Periodic solutions for planar autonomous systems with nonsmooth periodic perturbations

TL;DR

This paper establishes conditions for the existence of two distinct families of periodic solutions in planar autonomous systems with nonsmooth periodic perturbations, using topological degree theory, and analyzes their convergence to the original limit cycle.

Contribution

It introduces a novel approach employing topological degree theory to handle nonsmooth perturbations, relaxing regularity requirements compared to traditional methods.

Findings

Existence of two geometrically distinct families of periodic solutions.

Convergence of solutions to the original limit cycle as perturbation vanishes.

Estimation of the rate of convergence of these solutions.

Abstract

In this paper we consider a class of planar autonomous systems having an isolated limit cycle x_0 of smallest period T>0 such that the associated linearized system around it has only one characteristic multiplier with absolute value 1. We consider two functions, defined by means of the eigenfunctions of the adjoint of the linearized system, and we formulate conditions in terms of them in order to have the existence of two geometrically distinct families of T-periodic solutions of the autonomous system when it is perturbed by nonsmooth T-periodic nonlinear terms of small amplitude.

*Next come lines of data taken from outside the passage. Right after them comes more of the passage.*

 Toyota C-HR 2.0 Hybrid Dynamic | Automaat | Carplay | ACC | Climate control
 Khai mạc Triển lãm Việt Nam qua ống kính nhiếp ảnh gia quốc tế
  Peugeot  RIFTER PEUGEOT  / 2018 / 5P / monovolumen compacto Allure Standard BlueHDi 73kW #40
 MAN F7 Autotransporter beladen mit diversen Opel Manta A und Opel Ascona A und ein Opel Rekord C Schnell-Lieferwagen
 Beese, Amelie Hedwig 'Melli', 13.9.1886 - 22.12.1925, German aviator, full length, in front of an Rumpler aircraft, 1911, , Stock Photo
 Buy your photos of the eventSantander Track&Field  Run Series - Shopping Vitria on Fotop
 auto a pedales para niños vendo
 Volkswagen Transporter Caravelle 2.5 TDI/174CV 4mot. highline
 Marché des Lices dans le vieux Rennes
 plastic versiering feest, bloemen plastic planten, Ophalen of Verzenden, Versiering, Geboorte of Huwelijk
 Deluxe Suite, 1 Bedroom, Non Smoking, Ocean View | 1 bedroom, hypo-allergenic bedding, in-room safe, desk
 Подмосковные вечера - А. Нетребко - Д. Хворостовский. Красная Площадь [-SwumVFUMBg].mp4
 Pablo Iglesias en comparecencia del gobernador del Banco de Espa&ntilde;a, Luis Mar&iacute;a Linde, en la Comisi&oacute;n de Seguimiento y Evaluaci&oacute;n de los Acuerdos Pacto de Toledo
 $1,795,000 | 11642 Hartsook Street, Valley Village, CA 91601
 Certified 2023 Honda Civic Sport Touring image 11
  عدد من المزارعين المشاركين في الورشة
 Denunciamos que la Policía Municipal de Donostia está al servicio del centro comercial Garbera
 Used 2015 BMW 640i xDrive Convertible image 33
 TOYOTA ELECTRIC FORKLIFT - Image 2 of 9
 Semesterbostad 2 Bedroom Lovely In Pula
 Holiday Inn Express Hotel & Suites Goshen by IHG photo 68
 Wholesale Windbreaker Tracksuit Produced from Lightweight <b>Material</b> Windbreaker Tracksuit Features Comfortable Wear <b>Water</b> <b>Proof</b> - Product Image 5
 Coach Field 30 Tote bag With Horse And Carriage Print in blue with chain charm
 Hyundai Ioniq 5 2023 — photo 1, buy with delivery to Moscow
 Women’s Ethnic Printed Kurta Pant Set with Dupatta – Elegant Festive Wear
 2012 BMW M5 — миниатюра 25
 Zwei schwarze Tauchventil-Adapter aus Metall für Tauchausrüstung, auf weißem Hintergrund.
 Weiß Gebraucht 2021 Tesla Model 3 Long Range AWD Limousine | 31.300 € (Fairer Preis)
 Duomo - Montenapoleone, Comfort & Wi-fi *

We also show the convergence of these periodic solutions to x_0 as the perturbation disappears and we provide an estimation of the rate of convergence. The employed methods are mainly based on the theory of topological degree and its properties that allow less regularity on the data than that required by the approach, commonly employed in the existing literature on this subject, based on various versions of the implicit function theorem.